4857 sayılı İş Kanunu’nun 41 inci maddesi ile bu maddeye dayanılarak çıkarılan Fazla Çalışma ve Fazla Sürelerle Çalışma Yönetmeliği’ne göre kural olarak “fazla çalışma, Kanunda yazılı koşullar çerçevesinde haftalık kırk beş saati aşan çalışmalardır” (İşK m.41/1; Yönetmelik m.3).
Her halde yapılacak normal çalışma ile fazla çalışma süresinin toplamı günde Yasal çalışma süresi olan azami 11 saat (ara dinlenmeleri hariç) sınırını aşamaz.
Fazla çalışma ihtiyacı olan işverence iş sözleşmesinin yapılması esnasında ya da bu ihtiyaç ortaya çıktığında işçinin onayı alınır ve işçi özlük dosyasında saklanır. Fazla çalışma veya fazla sürelerle çalışma yapmak istemeyen işçi verdiği onayı otuz gün önceden işverene yazılı olarak bildirimde bulunmak kaydıyla geri alabilir (İşK m.41/7; Yönetmelik m.9/2)[1].
Fazla çalışma yaptığını iddia eden işçi bu iddiasını ispatla yükümlüdür. İşçinin imzasını taşıyan bordro sahteliği ispat edilinceye kadar kesin delil niteliğindedir.

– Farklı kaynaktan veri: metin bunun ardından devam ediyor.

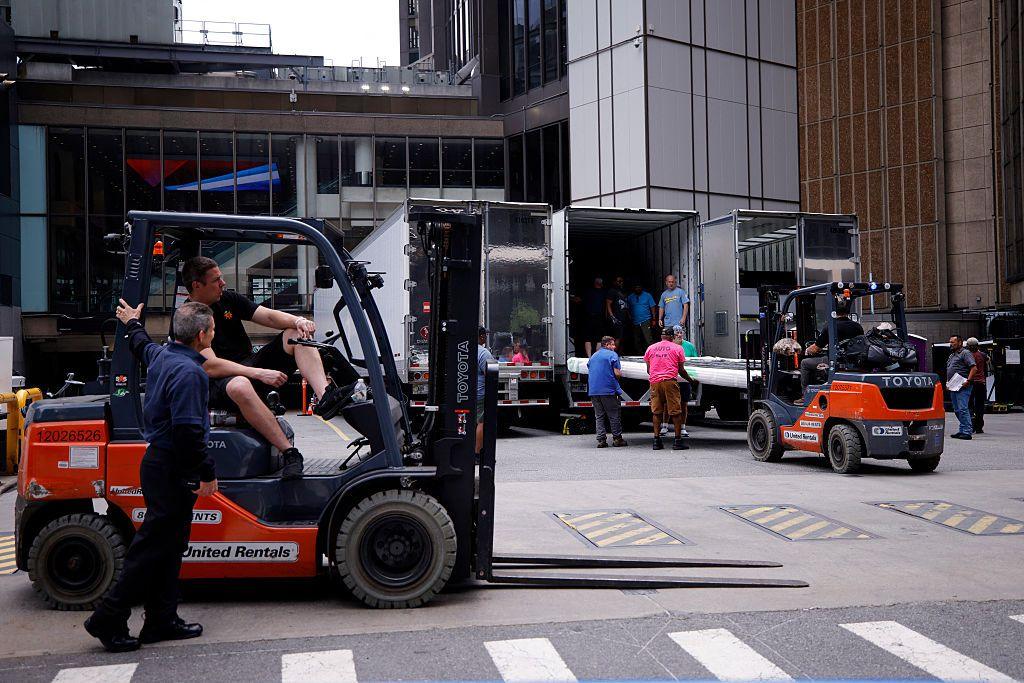 Outside Madison Square Garden, people are seen unpacking multiple lorries parked at the arena. You can see items are being carried on orange forklifts. 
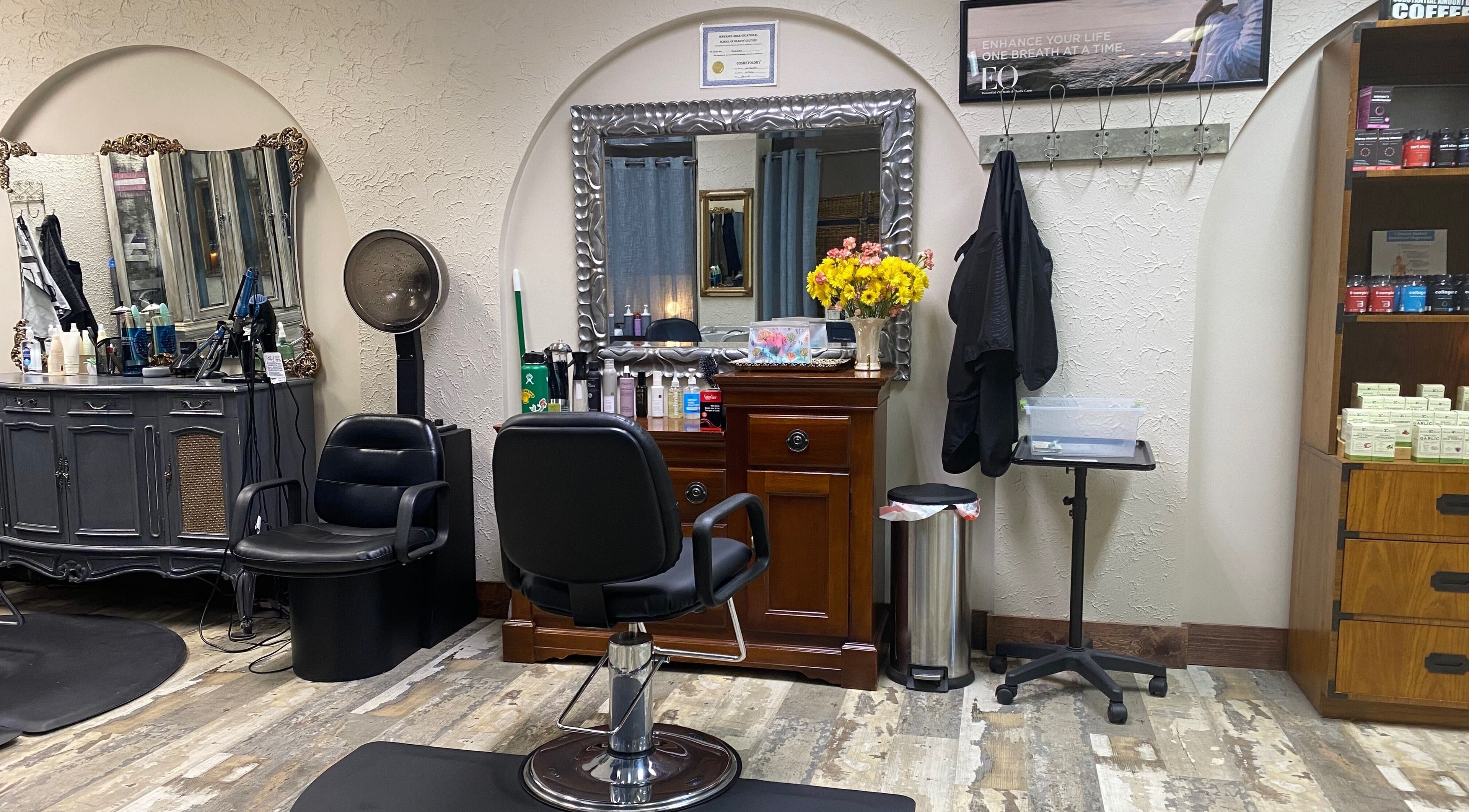 Elegant salon station with a mirror and chair at Palace of Wellness Salon and Spa, North Webster, Indiana, US.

Bir başka anlatımla bordronun sahteliği ileri sürülüp ispatlanmadıkça, imzalı bordroda görünen fazla çalışma alacağının ödendiği varsayılır.
Fazla çalışmanın ispatı konusunda iş yeri kayıtları, özellikle işyerine giriş çıkışı gösteren belgeler, iş yeri iç yazışmaları, delil niteliğindedir. Ancak, fazla çalışmanın bu tür yazılı belgelerle ispatlanamaması durumunda tarafların dinletmiş oldukları şahit beyanları ile sonuca gidilmesi gerekir. Bunun dışında herkesçe bilinen genel bazı vakıalar da bu noktada göz önüne alınabilir. İşçinin fiilen yaptığı işin niteliği ve yoğunluğuna göre de fazla çalışma olup olmadığı araştırılmalıdır.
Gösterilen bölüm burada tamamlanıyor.